I Am Trying to Break Your Heart
Published October 11, 2002
And there is also the grand contradiction - missed by many who have covered the Wilco story - of the money. Wilco slams the label for thinking only about money in their decisions about Yankee Hotel Foxtrot, and Fricke chimes in with another hard-to-believe-considering-who-it's-coming-from rant about how music isn't about money, but then the triumph at the end of the film is that they sell the record back to the same parent company whose label dropped them, Time Warner, for three times the amount that it took to record it. That's right - both Reprise, the label that dropped them, and Nonesuch, the label that understood them, are owned by the same massive multinational corporation. This makes the band happy? On the basis of what principle? I'm genuinely baffled. I can only make another uncharitable assumption - Wilco is confused about its own principles.

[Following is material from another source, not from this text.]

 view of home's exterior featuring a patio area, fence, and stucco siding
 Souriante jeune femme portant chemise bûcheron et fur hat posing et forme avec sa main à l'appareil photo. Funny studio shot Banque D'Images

And finally, where is Yankee Hotel Foxtrot in this movie? It's ostensibly the subject, but we hear only very brief snippets of it. Near the beginning, there are a couple of wonderful alternate versions of songs that appear on the record (most notably, "I Am Trying to Break Your Heart"), but much of what we hear of this record is its inception, and not the finished product. The finished product is what is great. The scenes of them making the record are unimpressive, and, sadly, as self-congratulatory as the rest of the movie, pocked with constant reminders of how collaborative and open-minded the band is (the man who says this is later kicked out of the band). Even the extended live sequences miss the mark, focusing on old material that is largely standard four-bar rock and roll, and doesn't even suggest how daring the record in question is. The one old song that truly belongs in the movie, "Misunderstood," is presented for about one minute of its six or seven minute length. Meanwhile, a song off of their first lackluster album "A.M." gets the full treatment, and bores the audience to sleep with its repetitive bombast.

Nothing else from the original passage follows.